> **WORK TO COMPLETE**
Keep the text of the data exactly as it is and omit each picture from the copy.

> **DATA SUPPLIED**

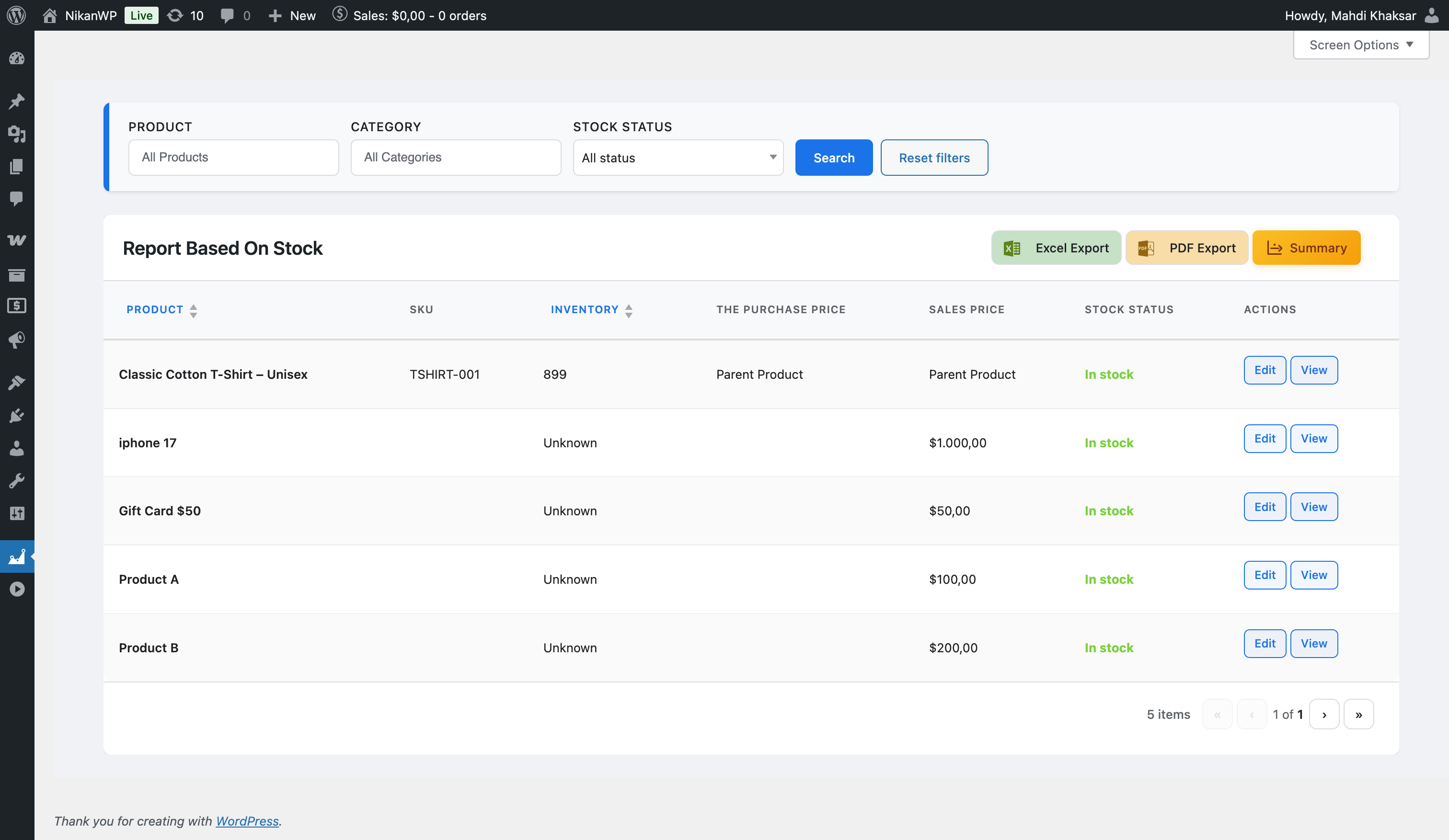 Orders Status Report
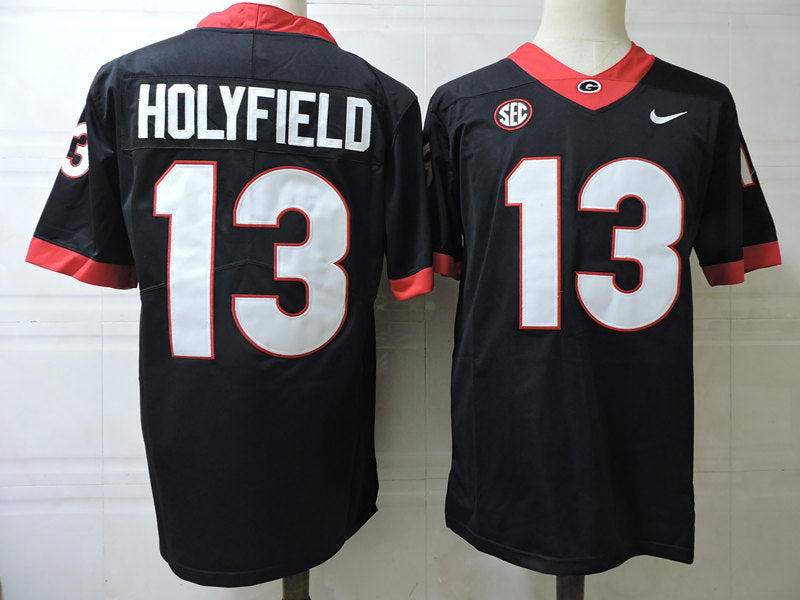 Georgia Bulldogs Elijah Holyfield Jersey #13 College Football Game Black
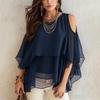 Women's Fashion Casual Chiffon Blouse with Shawl, Mid Length, Round Neck, Lightweight Top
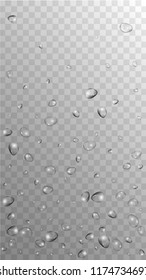 Rain Drops on Transparent Background. Beautiful Water Drops for Your Design. Condensation on Glass with many Fresh Droplet. Beauty Background.  Vector illustration. 
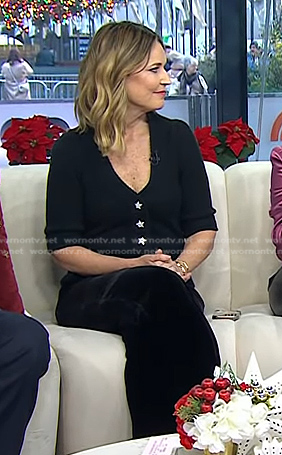 Savannah's black star button cardigan and zipped velvet pants on Today
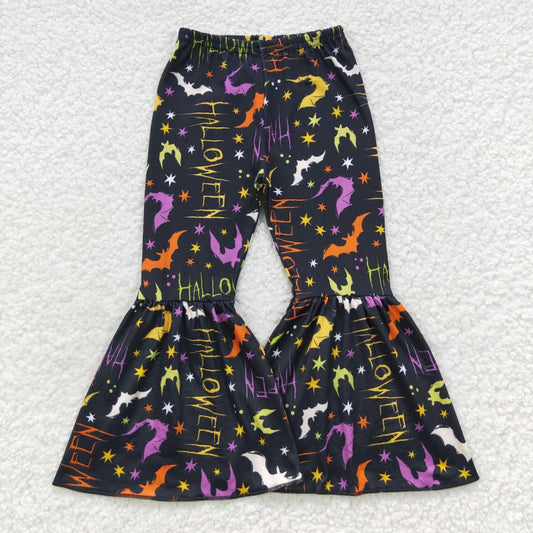 P0174 Halloween Witch Purple Print Girls Long Pants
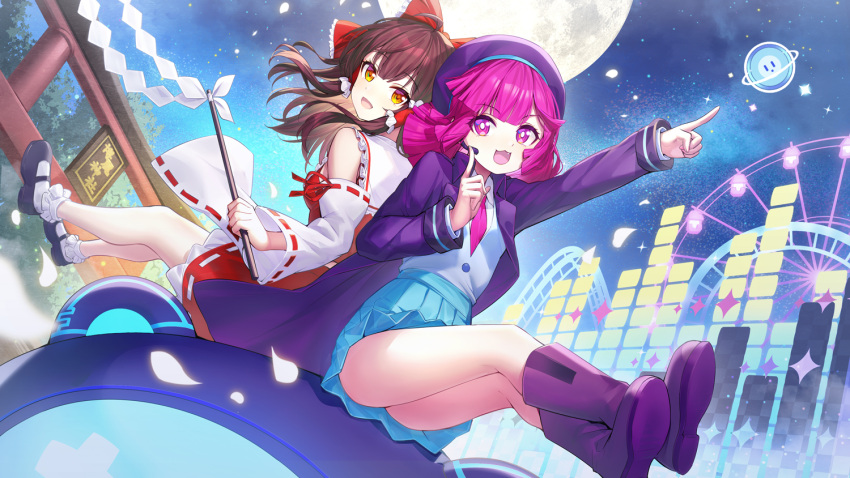 2girls, :d, back-to-back, beret, black_footwear, blue_skirt, bobby_socks, boots
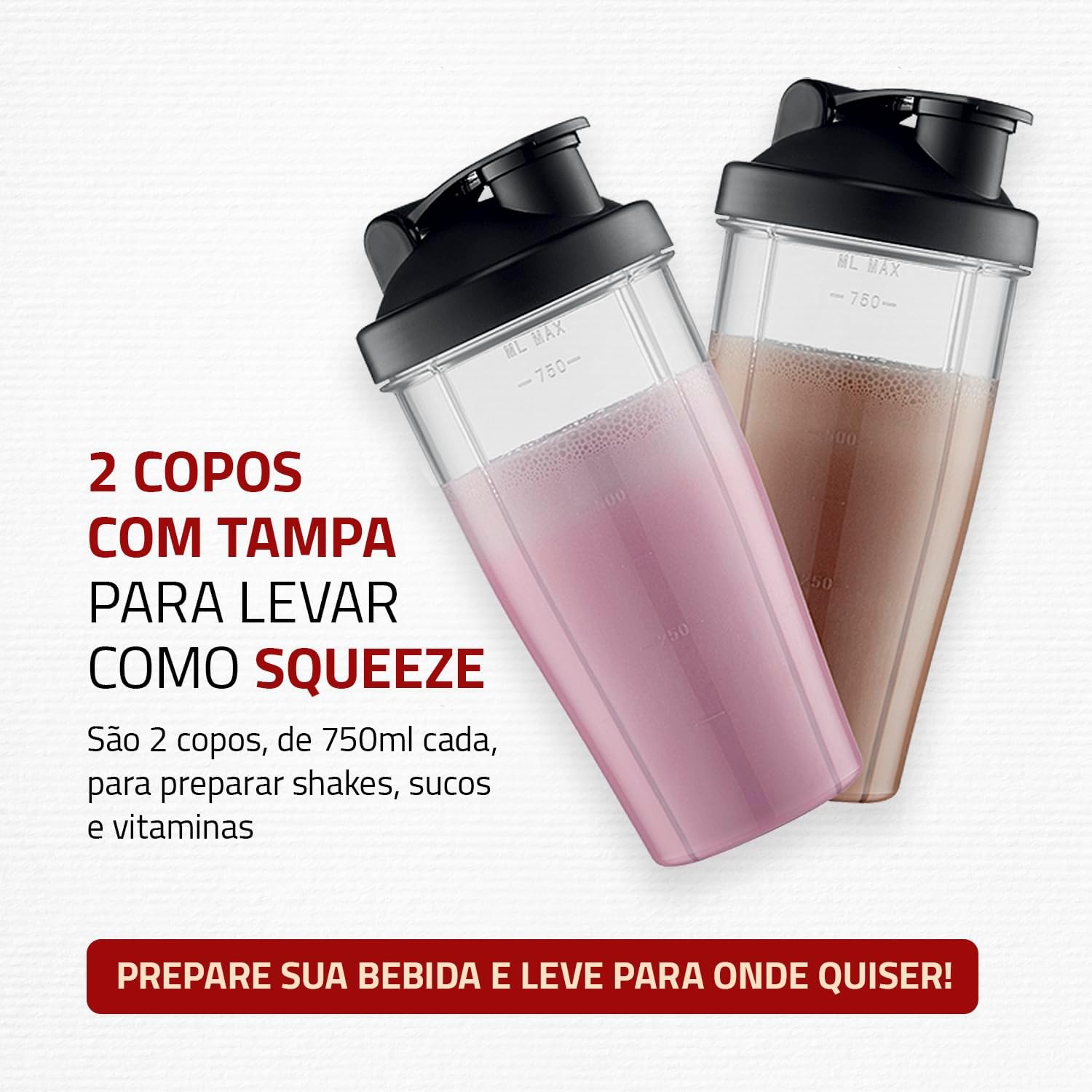 Liquidificador Personal 300W com 2 Copos Squeeze 750ml — foto 3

> **WRITTEN SOLUTION**
 Orders Status Report
 Georgia Bulldogs Elijah Holyfield Jersey #13 College Football Game Black
 Women's Fashion Casual Chiffon Blouse with Shawl, Mid Length, Round Neck, Lightweight Top
 Rain Drops on Transparent Background. Beautiful Water Drops for Your Design. Condensation on Glass with many Fresh Droplet. Beauty Background.  Vector illustration. 
 Savannah's black star button cardigan and zipped velvet pants on Today
 P0174 Halloween Witch Purple Print Girls Long Pants
 2girls, :d, back-to-back, beret, black_footwear, blue_skirt, bobby_socks, boots
 Liquidificador Personal 300W com 2 Copos Squeeze 750ml — foto 3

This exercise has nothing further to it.